Short descriptive text snippets:
════

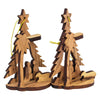 Image of 2 Christmas Tree Decoration Toys w/Nativity Scene from Natural Olive Wood from Bethlehem 3,6"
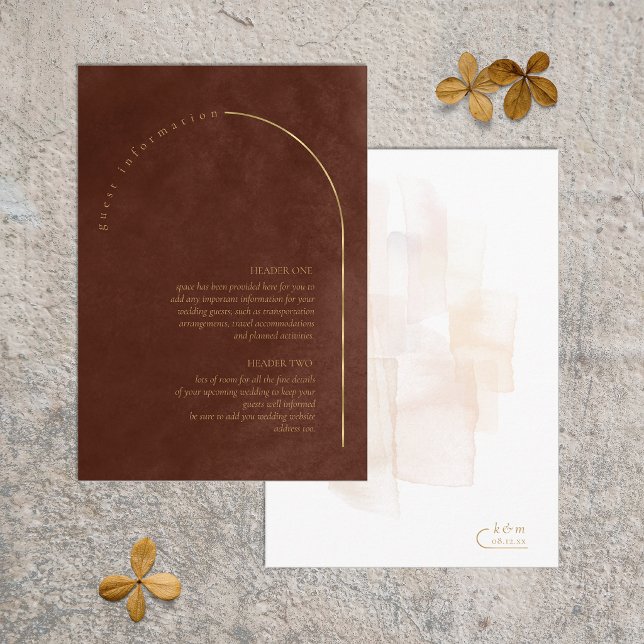 Tarjeta De Recepción Detalles de Boda Boho Oasis Umber ID959 (Subido por el creador)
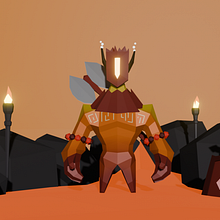 Mi proyecto: Guardian del elemento fuego. 3D, 3D Modeling, Video Games, 3D Character Design, and Game Design project by Arian Benjamin Laureano Roselo - 07.11.2024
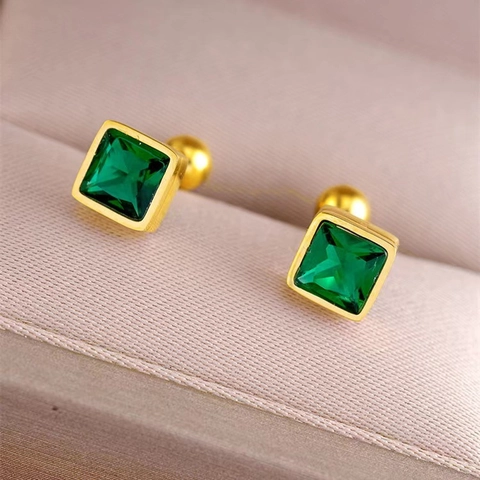 Stainless Steel Stud Earrings For Women Kids 18K Gold Plated Flower Heart Butterfly Zirconia Screw Back Earrings Jewelry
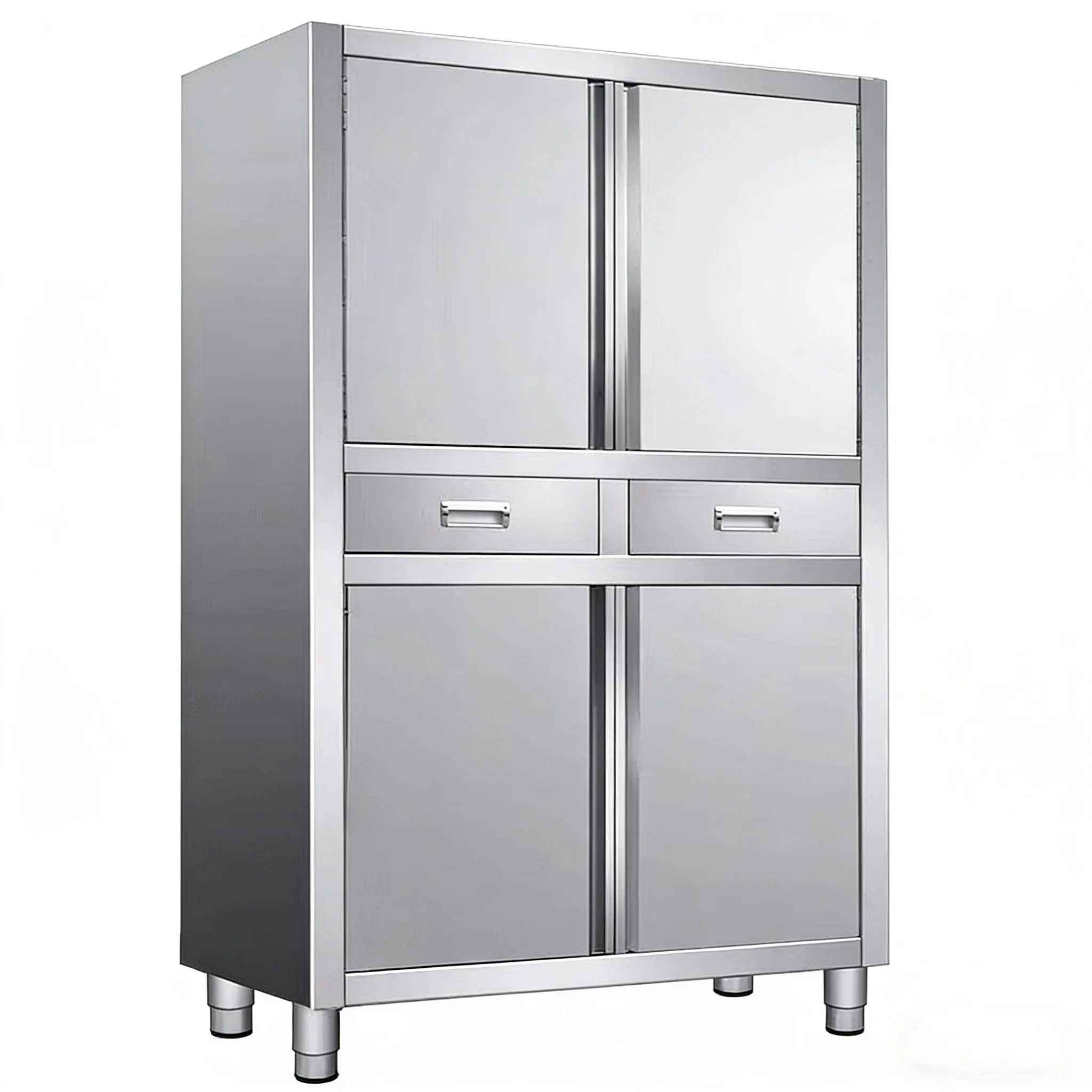 Four-door cabinet with central drawers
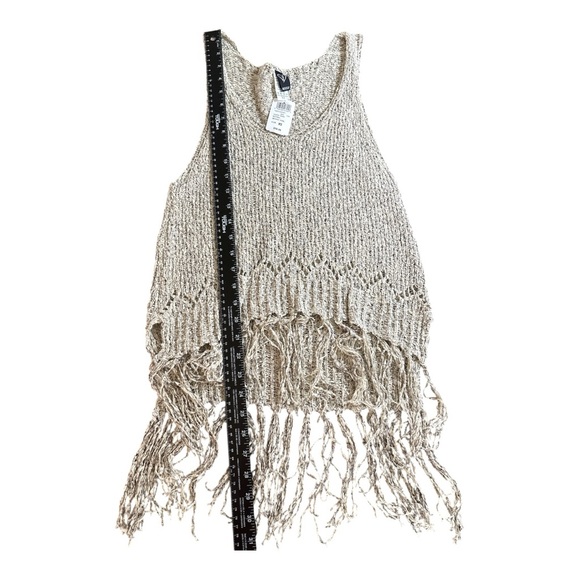 Windsor XS Knit Fringe Tank Top Sweater Natural Beige Boho NWT $34.90 - Picture 8 of 9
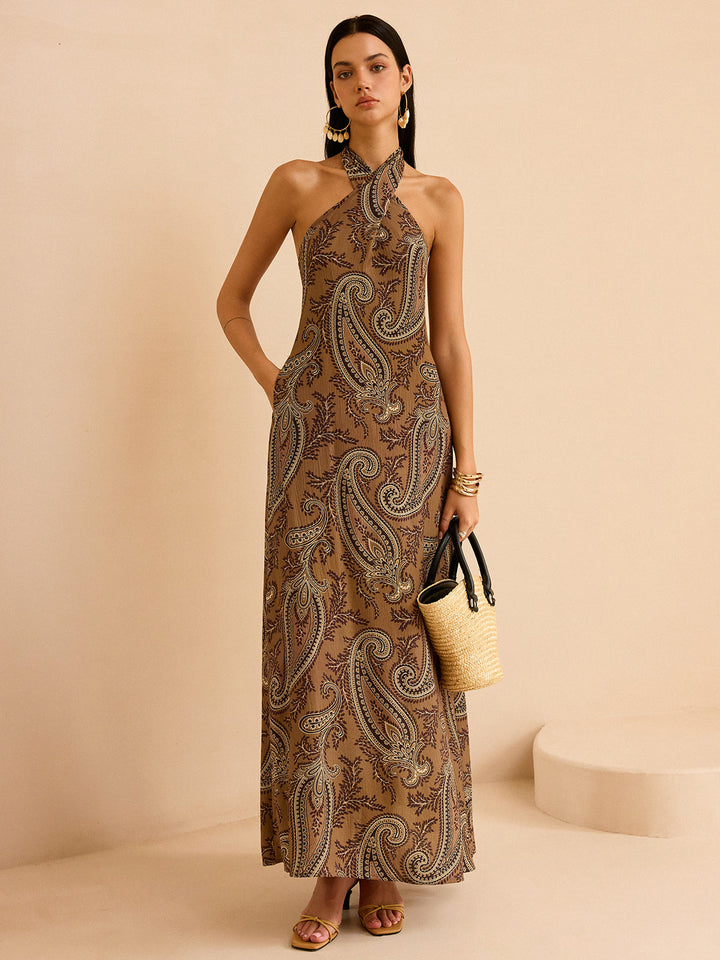 Robe Maxi Imprimé Cachemire Dos Nu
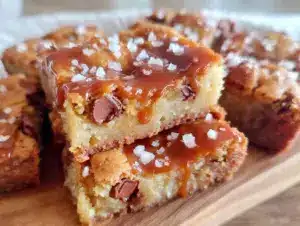 salted caramel chocolate chip cookie bars - featured image
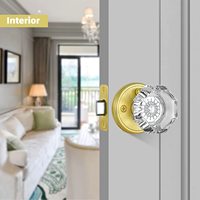 Boutons de porte en verre cannelés de style moderne style mortaise antique avec broche pour portes intérieures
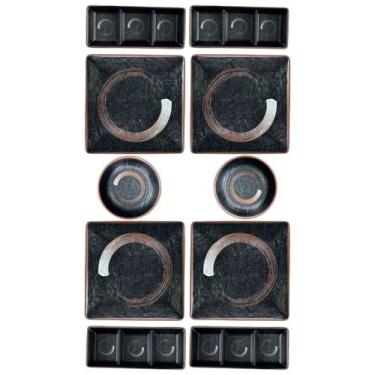 Imagem de Aparelho de Jantar Oriental Preto em Melamina Jogo 10 peças - Fx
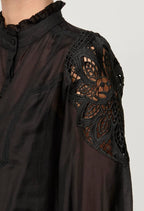 Shop Sevilla Cotton Silk Shirt in Onyx - OnceWas
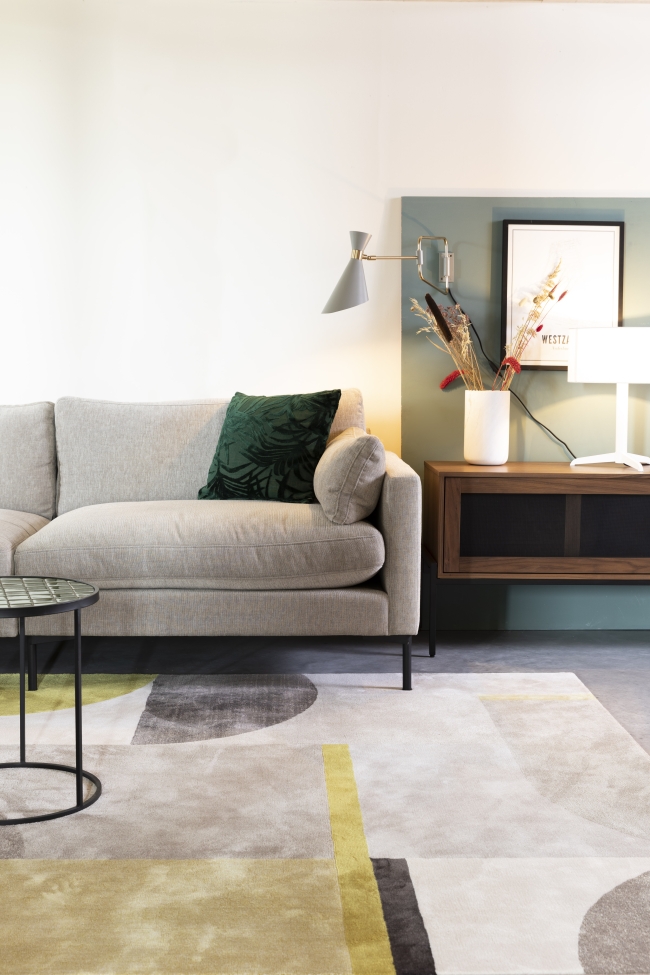 Tapis 'Hilton' 200x290cm - Gris/Jaune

════

[Your goal] Every line above should be output exactly, except for the pictures.

[Result for this task]
 Image of 2 Christmas Tree Decoration Toys w/Nativity Scene from Natural Olive Wood from Bethlehem 3,6"
 Tarjeta De Recepción Detalles de Boda Boho Oasis Umber ID959 (Subido por el creador)
 Mi proyecto: Guardian del elemento fuego. 3D, 3D Modeling, Video Games, 3D Character Design, and Game Design project by Arian Benjamin Laureano Roselo - 07.11.2024
 Stainless Steel Stud Earrings For Women Kids 18K Gold Plated Flower Heart Butterfly Zirconia Screw Back Earrings Jewelry
 Four-door cabinet with central drawers
 Windsor XS Knit Fringe Tank Top Sweater Natural Beige Boho NWT $34.90 - Picture 8 of 9
 Robe Maxi Imprimé Cachemire Dos Nu
 salted caramel chocolate chip cookie bars - featured image
 Boutons de porte en verre cannelés de style moderne style mortaise antique avec broche pour portes intérieures
 Imagem de Aparelho de Jantar Oriental Preto em Melamina Jogo 10 peças - Fx
 Shop Sevilla Cotton Silk Shirt in Onyx - OnceWas
 Tapis 'Hilton' 200x290cm - Gris/Jaune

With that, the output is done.